## Problem statement
Copy nothing from the entries below except the lines from the one containing "Framed Print : Britains" through the one containing "The six queens", and copy those exactly.

## Information supplied
※

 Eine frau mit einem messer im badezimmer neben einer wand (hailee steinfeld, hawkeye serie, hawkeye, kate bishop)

※

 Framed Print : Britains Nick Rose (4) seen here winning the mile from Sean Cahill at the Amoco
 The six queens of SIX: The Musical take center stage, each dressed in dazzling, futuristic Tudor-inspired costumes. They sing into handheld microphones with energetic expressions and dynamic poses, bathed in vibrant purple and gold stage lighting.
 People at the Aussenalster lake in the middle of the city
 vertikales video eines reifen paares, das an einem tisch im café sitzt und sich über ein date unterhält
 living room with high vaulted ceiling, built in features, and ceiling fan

※

## Your solution
 Framed Print : Britains Nick Rose (4) seen here winning the mile from Sean Cahill at the Amoco
 The six queens of SIX: The Musical take center stage, each dressed in dazzling, futuristic Tudor-inspired costumes. They sing into handheld microphones with energetic expressions and dynamic poses, bathed in vibrant purple and gold stage lighting.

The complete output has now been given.